Music in the Barns @ THE GREAT HALL
«Every aspect of Music in the Barns is innovative...a vivid, sensual experience.» — Living Toronto Journal
in association with
Canadian Association for Theatre Research / Association Canadienne pour la Recherche Théâtrale
TICKETS and INFORMATION:
Conversation Room: Becoming Sensor
A multi-sensory installation by
Ayelen Liberona, Music in the Barns creative producer and award winning filmmaker
Natasha Myers, associate professor of the Department of Anthropology at York University
with Allison Cameron — Sound design and Field Recordist
Sponsored by Spirit Loft
Open for the course of the entire evening, Becoming Sensor will transduce an experience of High Park's 10,000 year old Oak Savannah through a multi-sensory installation that cultivates the art of attention.
Drawing Room: The Great Arc
«a deep musical work full of lavish, evocative textures»
— The Irish Echo
The Great Arc performed by NYC duo Dana Lyn and Kyle Sanna
Sponsored by Pocket Concerts
Inspired by and concerned with extinct and endangered animal species, The Great Arc connects the duo's experience as composers and improvisers with their deep admiration for traditional Irish music.
Main Hall: VIP Cocktail Event
A conversation on John Cage's Lecture on the Weather with David Jaeger (retired CBC Senior Producer) and Carol Gimbel, Artistic Director, Music in the Barns
Sponsored by University of Toronto's School of the Environment & The Social Collective
Main Hall: Music in the Barns Chamber Ensemble
with guest performers
Philip Glass — Tissues (2002)
Michael Oesterle — Daydream Mechanics for String Quartet (2001)
John Cage — Lecture on the Weather (1976)

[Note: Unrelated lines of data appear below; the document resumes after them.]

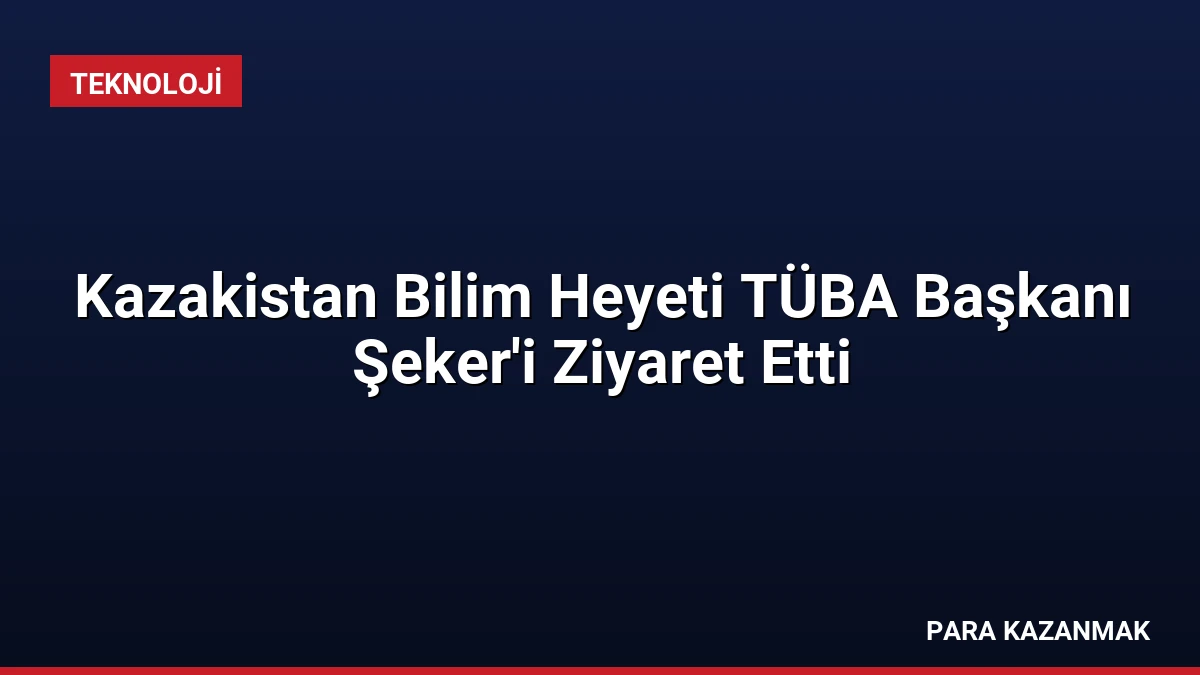 Kazakistan Bilim Heyeti TÜBA Başkanı Şeker’i Ziyaret Etti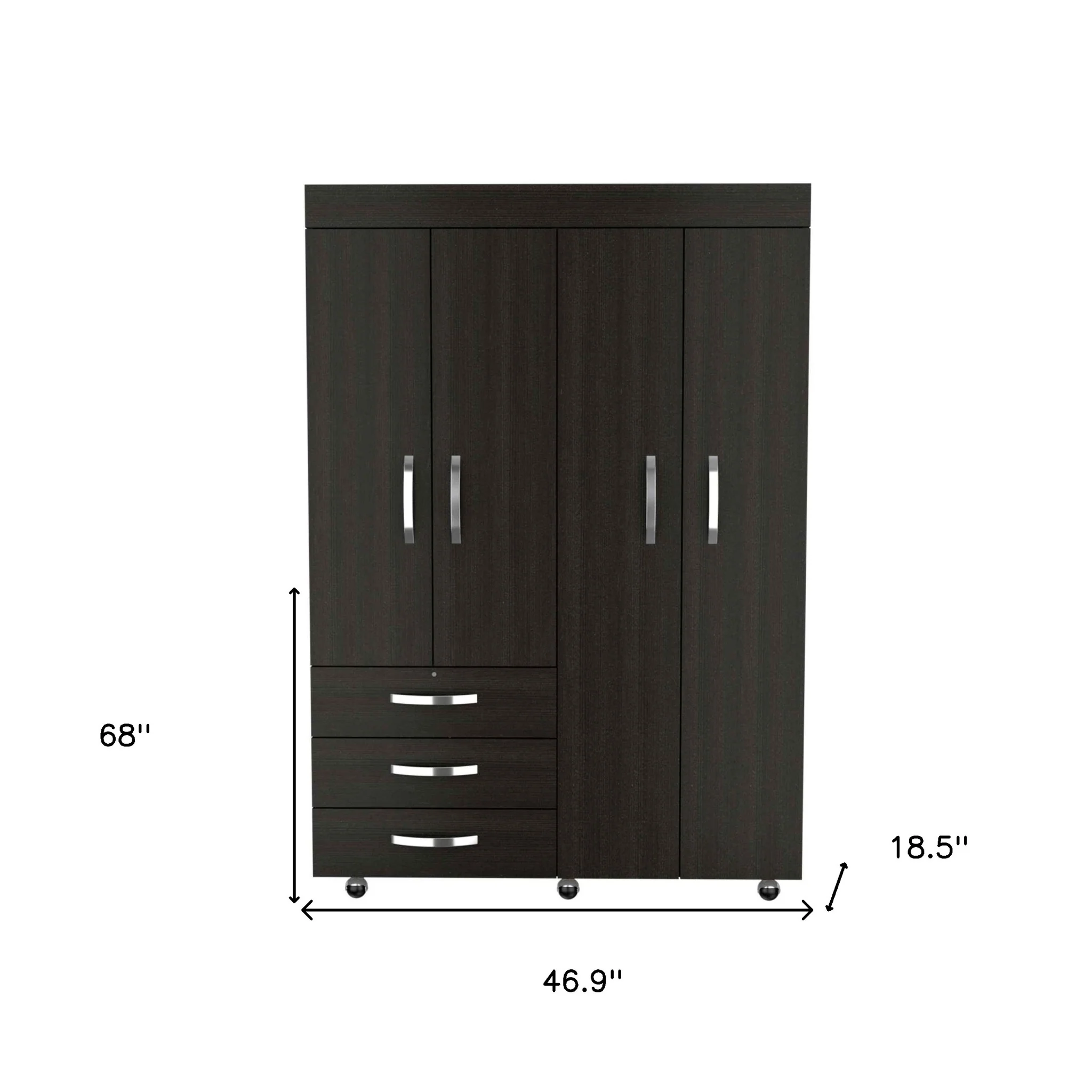 Black Three Drawer Combo Dresser By Homeroots - Image 6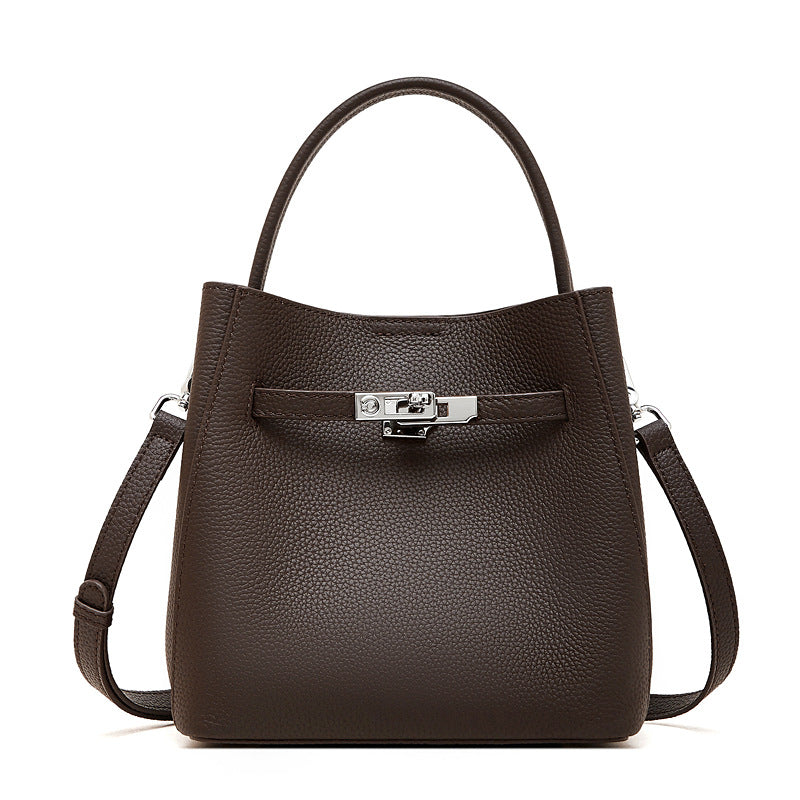 Vintage Leather Crossbody Bucket Bag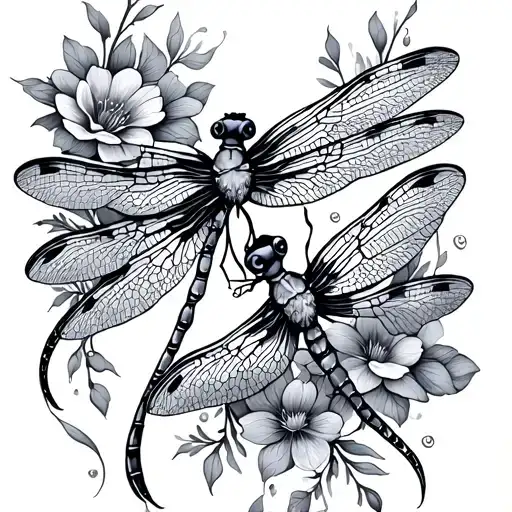 Mother And Daughter Tattoo Fine Line Dragonfly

Fresh from their premiere production at the Luminato Festival's monumental 400,000 square foot Hearn Generating Station, Music in the Barns brings their latest edition of acclaimed installation concerts to downtown Toronto with an imaginative multi-room transformation of the landmark Great Hall. Drawing participants through a series of provocative reflections around human life on earth, Music in the Barns continues to defy expectations, exploring timely topics through installation art and performance for unique, immersive concert experiences.
Created for the CATR/ACRT 2017 Conference Performing the Anthropocene: Setting the Stage for the End of the World (May 27-30 2017), the evening's public event is part of a larger conversation between performers, creators, and researchers.
Doors open at 7:00 p.m. for guests to begin by exploring the Becoming Sensor room on the second foor. A pre-concert performance of The Great Arc by guest artists, New York City duo Dana Lyn & Kyle Sanna will run from 7:30 — 8:00 on the third floor, and VIP guests will gain preview access to the Main Hall for an intimate chat between Music in the Barns' Artistic Director Carol Gimbel and retired CBC Senior Producer David Jaeger. Their conversation will illuminate the stories behind the origin of John Cage's Lecture on the Weather, the evening's featured work. Originally commissioned by CBC in celebration of the United States' bicentennial (1976), Lecture on the Weather has a rich history among Toronto's music, performance, and broadcast communities.
Culminating in Lecture on the Weather, the Main Hall concert will feature the celebrated musicians of the Music in the Barns Chamber Ensemble performing works for strings and percussion by seminal American minimalist Philip Glass and Canadian composer Michael Oesterle.
ABOUT LECTURE ON THE WEATHER
«Our political structures no longer fit the circumstances of our lives. Outside the bankrupt cities we live in Megalopolis which has no geographical limits. Wilderness is global park.» — from PREFACE to Lecture on the Weather by John Cage
Commissioned by the Canadian Broadcasting Corporation, John Cage composed his classic performance piece Lecture on the Weather as a celebration of the USA’s Bicentennial in 1976. Using texts by Henry David Thoreau, recordings of nature, and projections, Cage’s work is a prescient and timeless sonic rumination on environmental and social concerns. The work was composed in collaboration with Luis Frangella, who produced its film, and Maryanne Amacher, who produced its weather sounds on tape, which were mixed live in performance.
Originally to be performed, according to Cage, by 12 men, “preferably American men who have become Canadian citizens”, Music in the Barns will reimagine the work to reflect today's socio-political environment.